Nick Thoman was another who fell short of his own expectations at Nationals. After a strong season, where he posted a 53.70 in the 100 back in Charlotte, Thoman could only manage a third-place finish in that event in 53.78, which made his spot on the Pan Pacs team questionable. Shortly after swimming the 200 back final last night, Thoman officially became a member of the Pan Pacs team, walking out on deck with the team. But he wasn't finished. Minutes later, he led off SwimMAC's 400 medley relay in 53.78, the same time as he had swam earlier in the week, and this came just after a painful 200 back and team march. He will be ready to go at Pan Pacs to try to make the World Championships team and chase the top time in the world (52.85).
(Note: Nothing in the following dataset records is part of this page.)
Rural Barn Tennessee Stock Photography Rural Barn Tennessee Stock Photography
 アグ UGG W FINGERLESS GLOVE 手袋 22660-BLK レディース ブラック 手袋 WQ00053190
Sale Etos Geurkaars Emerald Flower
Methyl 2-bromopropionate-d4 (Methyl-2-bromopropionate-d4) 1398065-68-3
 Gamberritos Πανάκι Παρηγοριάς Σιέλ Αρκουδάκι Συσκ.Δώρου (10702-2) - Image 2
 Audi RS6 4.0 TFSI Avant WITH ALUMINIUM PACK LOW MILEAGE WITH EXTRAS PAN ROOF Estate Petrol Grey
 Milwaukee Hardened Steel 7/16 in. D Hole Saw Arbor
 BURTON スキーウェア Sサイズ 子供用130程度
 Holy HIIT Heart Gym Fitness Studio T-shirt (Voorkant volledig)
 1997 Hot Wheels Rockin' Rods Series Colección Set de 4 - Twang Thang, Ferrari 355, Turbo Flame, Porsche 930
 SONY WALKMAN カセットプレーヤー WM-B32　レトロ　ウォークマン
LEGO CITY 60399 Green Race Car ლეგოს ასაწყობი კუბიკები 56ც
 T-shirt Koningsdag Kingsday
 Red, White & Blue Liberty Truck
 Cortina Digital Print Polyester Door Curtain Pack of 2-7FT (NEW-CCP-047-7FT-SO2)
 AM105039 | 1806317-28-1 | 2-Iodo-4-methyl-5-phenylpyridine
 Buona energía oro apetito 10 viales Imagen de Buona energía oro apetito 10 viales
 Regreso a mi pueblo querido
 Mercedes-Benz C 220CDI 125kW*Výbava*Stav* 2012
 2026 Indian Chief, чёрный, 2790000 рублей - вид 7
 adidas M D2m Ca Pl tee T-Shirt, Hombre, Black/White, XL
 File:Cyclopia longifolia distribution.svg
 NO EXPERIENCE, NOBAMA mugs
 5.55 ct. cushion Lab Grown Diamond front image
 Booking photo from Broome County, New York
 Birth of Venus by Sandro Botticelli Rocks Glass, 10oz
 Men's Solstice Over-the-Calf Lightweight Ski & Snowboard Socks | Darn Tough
Many of the more established swimmers on Team USA took the risk (or mistake) of not fully resting for the meet, hoping that they could focus on success at Pan Pacs. Swimmers from North Baltimore (Michael Phelps, Scott Spann, Allison Schmitt, and Pelton), Texas (Aaron Peirsol, Eric Shanteau, and Ricky Berens), FAST (Katie Hoff, Ariana Kukors) and other training centers all appear to have much more in the tank with another week of rest and recovery to get down to the necessary times required to hold off some of the best swimmers in the world, such as those from Japan and Australia.
My big highlight from finals last night was the men’s mile. Chad LaTourette looked like a man on mission. After his typically slow start, LaTourette hit to GO button and kept going. After a third-place finish at the Olympic Trials, LaTourette has flown under the radar, swimming at the World University Games last summer instead of World Championships. Last night, he came out and told the world that he is the next Larsen Jensen or Erik Vendt, the tough American distance swimmer to fear in the years to come.
I watched LaTourette race the mile in the prelims at the L.A. Grand Prix, right next to Olympic champ Ous Mellouli. Mellouli took the race out fast, but LaTourette stayed close and passed the Tunisian around the 1,000 mark, and it became a real race coming home. In the end, Mellouli outtouched LaTourette by just one one-hundredth of a second, with respective times of 15:11.21 and 15:11.22. Look for a re-match at Pan Pacs in just a week and a half, with guys such as Canada’s Ryan Cochrane (also at the L.A. Grand Prix, but in a different heat) and China’s Zhang Lin and Sun Yang also in the field. Should be a great race, but for now, LaTourette is the top miler in the world.
Finally, I want to explain a statement I made on my Facebook page earlier this week. “Memo to Michael Phelps: you are no longer the best swimmer in the world. The new king is Ryan Lochte!” This week, Lochte easily deposed of Phelps in the 200 IM and cruised to victory in both the 200 back and 400 IM in solid times. He almost beat Phelps in the 200 free (where his lifetime best is nearly two seconds slower) and second to sprint star Nathan Adrian in the 100 free. His butterfly is better than it ever has been, as is his freestyle. His backstroke is just a tick off, but it’s coming back. His breaststroke is phenomenal as always, especially considering he has suffered through knee and groin injuries all year long.
I wrote the statement after he took down Phelps in the 200 IM. As the world record-holder in that Phelps, simply beating Phelps is not shocking. That win came just a half hour after his 48.83 100 free. He proceeded to use his final turn to seal the deal and double his lead. That is using Phelps’ own tools against him. With Phelps currently unable to complete any race over 100 without significantly fading, Lochte has overtaken him as the best in the world. Not sure how long that will last, through Pan Pacs, World Championships next year, the London Olympics, or through the end of Phelps’ career. In fact, Lochte’s new dominance will motivate Phelps more than anything over the next two years. But this meet was all Ryan Lochte.